The World

An interesting week in the euro zone crisis is over. Most of the important players made it to Davos so nothing definitive was being decided. As I wrote yesterday, Davos isn't a place where policy is made.

It's clear it has been a week where the center held and the sense that a corner has been turned continued to frame the week's activities. Even Greece and her creditors inability to reach final agreement on debt reduction hasn't ruffled feathers.

The masters of their universe (not yours or mine) assembled at the World Economic Forum heard from German Chancellor Angela Merkel and British Prime Minister David Cameron. The pair are growing further apart in their views yet that didn't seem to make much difference.

Today all ears were tuned to European Central Bank chief Mario Draghi, whose decision to make 489 billion euros ($643 billion) available to retail banks around Europe just before Christmas was a significant step in taking the heat out of the euro zone debt crisis.

Draghi's assessment of the loan program's impact so far.
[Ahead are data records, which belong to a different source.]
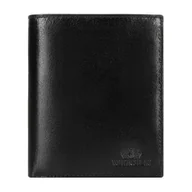 Portfele - Męski portfel ze skóry prosty duży czarny - miniaturka - grafika 1
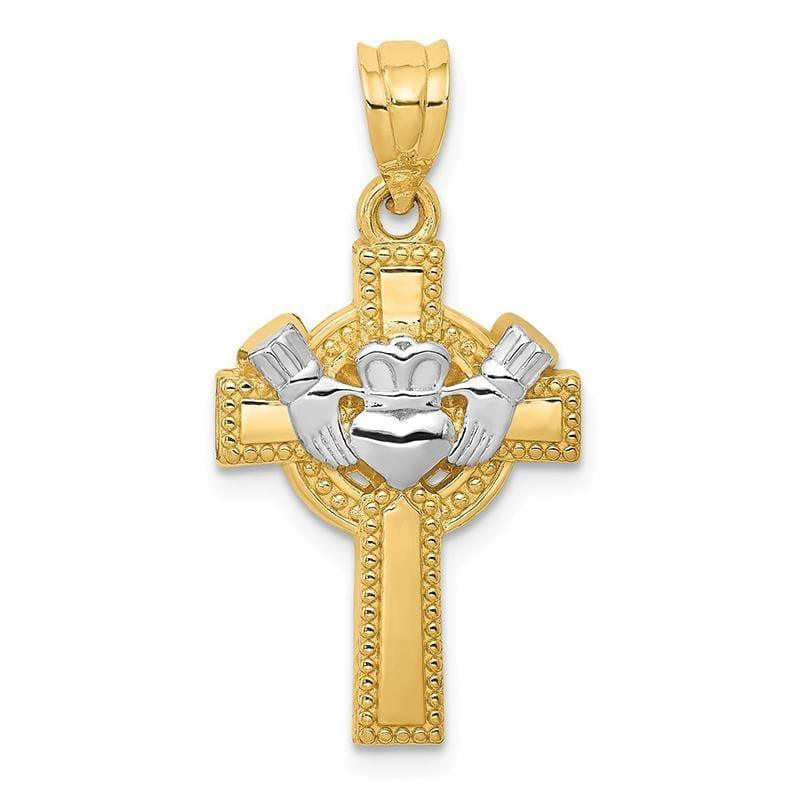 14k Two-tone Claddagh Cross Pendant. Weight: 1.44, Length: 25, Width: 15 - Seattle Gold Grillz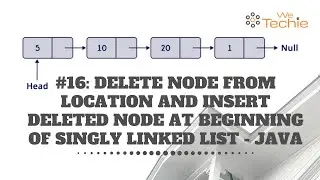 #16: Delete a node from a given location and insert deleted node at beginning of singly linked list
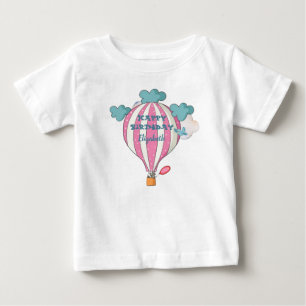 Niedlich rosa Heißluftballon mit Raccoon Baby T-shirt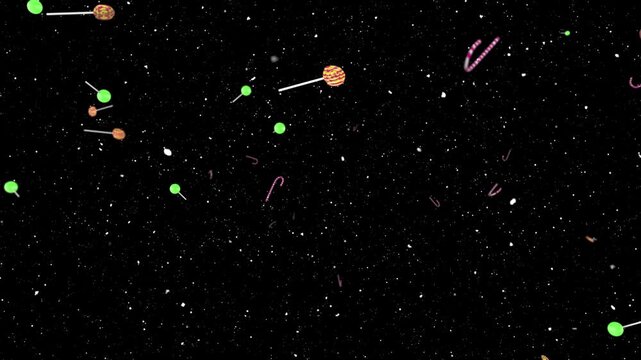 Abstract colorful particles and dust floating in dark space with glowing green orbs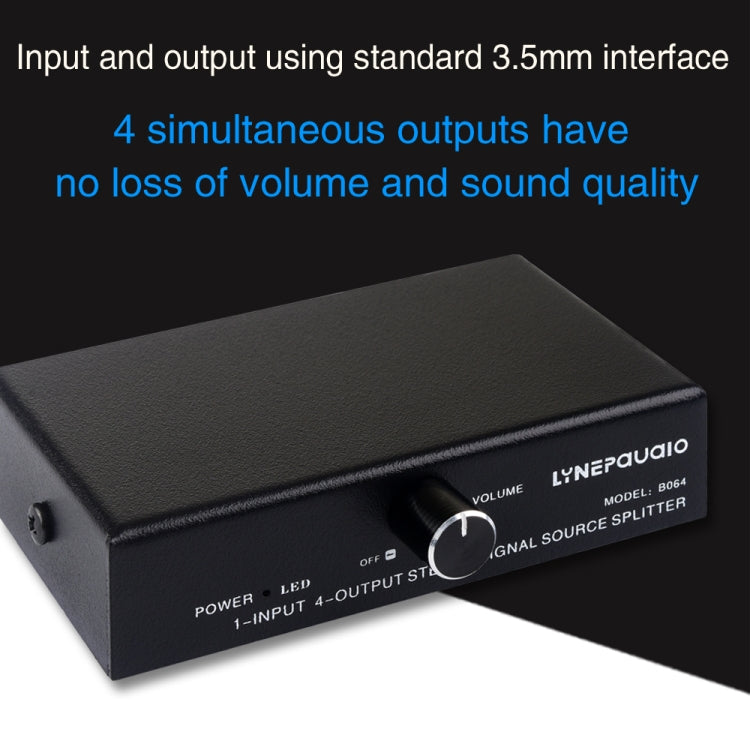 Dispositivo Distribuidor Divisor de Sinal de Frequência de Áudio 1 Entrada 4 Saídas, Saída Não Consumidora, Interface 3,5mm, 1 Entrada 4 Saídas Interface 3,5mm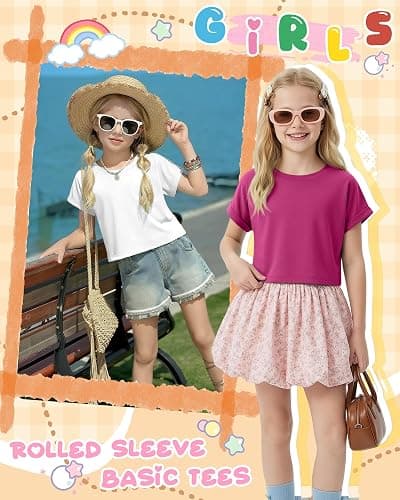 Mumucove 4 Pack Girls Crop Tops Kids Short Rolled Sleeve Shirts Loose Crew Neck Casual T-Shirts Cute Basic Summer Tees thumbnail 4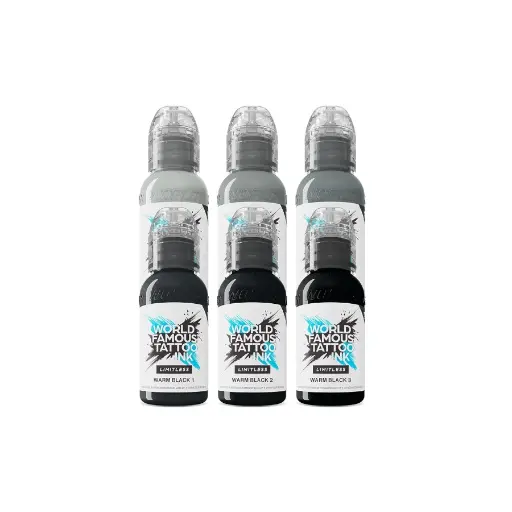 [ki_encre_world_limitless_set_shades_of_grey-LTSGS1-S] Encre Tattoo Set - World Famous Ink Limitless Set Shades of Grey - Melange pour le tatouage REACH 6 x 30 ml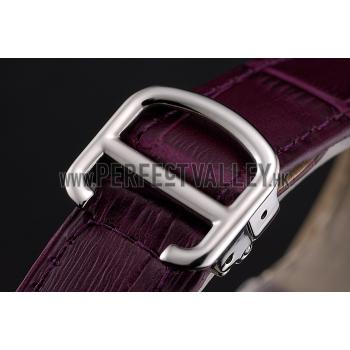 Cheap Cartier Ronde White Dial Stainless Steel Case Purple Leather Strap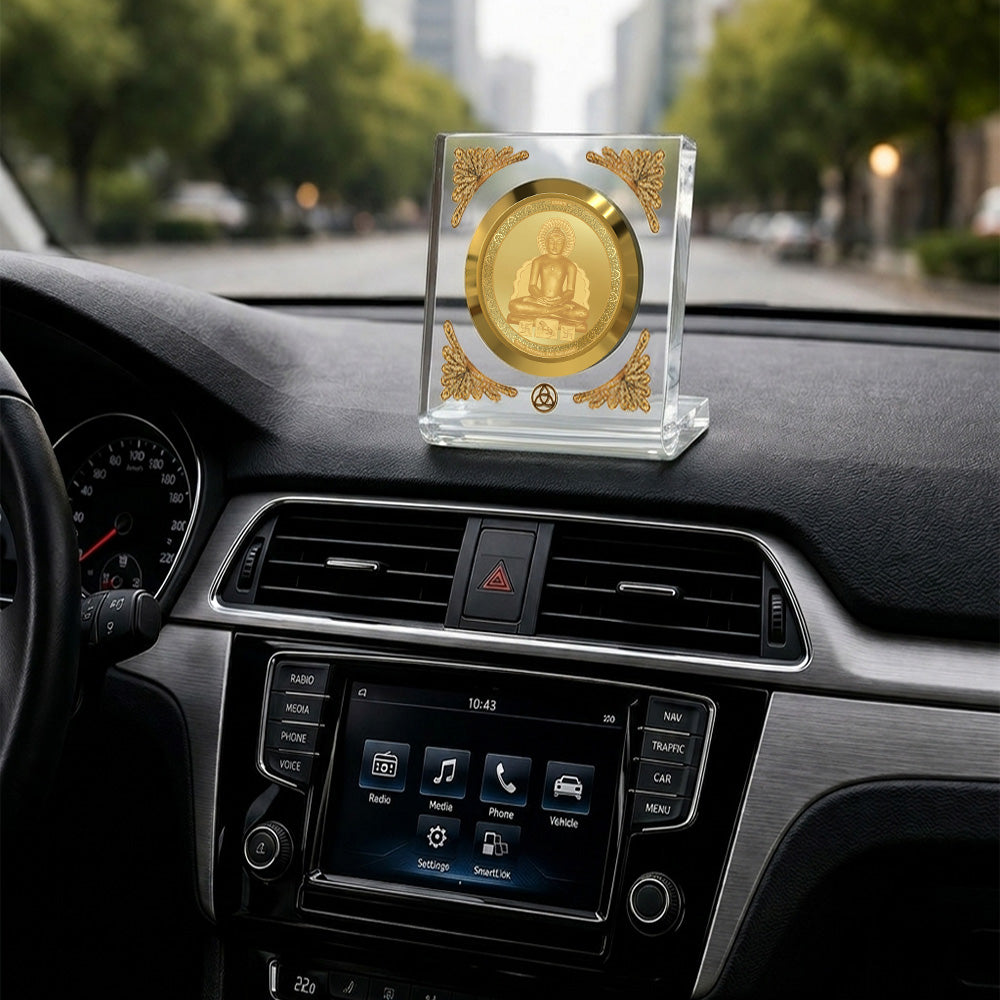 Lord Mahavir car dashboard frame featuring 24K gold plating in a premium crystal-clear frame.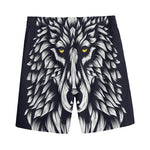 Navy And White Wolf Print Men's Sports Shorts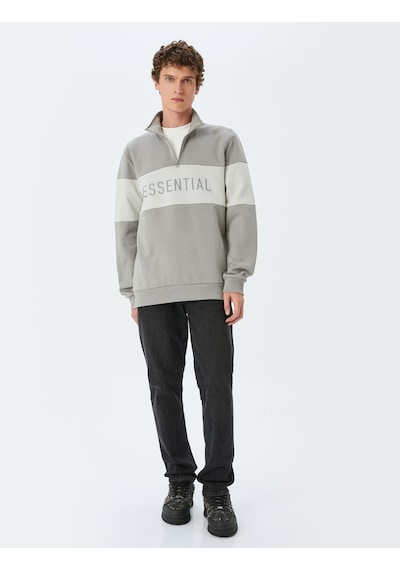 Koton Renk Bloklu Yarım Fermuarlı Pamuklu Slogan Baskılı Sweatshirt Gri 5sam70009mk Gri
"We know for sure that we have avoided a major, major credit crunch, a major funding crisis. Do we know that actually this money is going to finance the real economy? We don't have evidence of this yet. We have to wait. There is a lag. In the meantime, you have parts of the euro area where credit is more or less normal. You have areas where credit is seriously impaired."

The ECB chief had this to say about the bond markets and the price of euro zone countries debt yields. "As much as spreads underpriced government risk for many years, now they are overshooting government risk quite a lot and this may go on for quite a while."

Remember that phrase, Overshooting government risk." We'll see if the big institutions that play the sovereign bond market, listen to Draghi's words that they are "overshooting" the risk in many euro zone sovereigns.

For once it was not the euro zone crisis that shaped stock markets. It was news that the U.S. economy expanded by 2.8 percent in the last quarter of 2011. Sounds good to me, but market analysts were expecting 3 percent, hence stock markets went down.

The FTSE 100 lost 1.07 percent, the Paris CAC dropped 1.32 percent and the Frankfurt DAX was off 0.43 percent.

Looking ahead, once again, the Greek debt talks are supposed to reach a conclusion this week, just ahead of Monday's EU leaders' summit.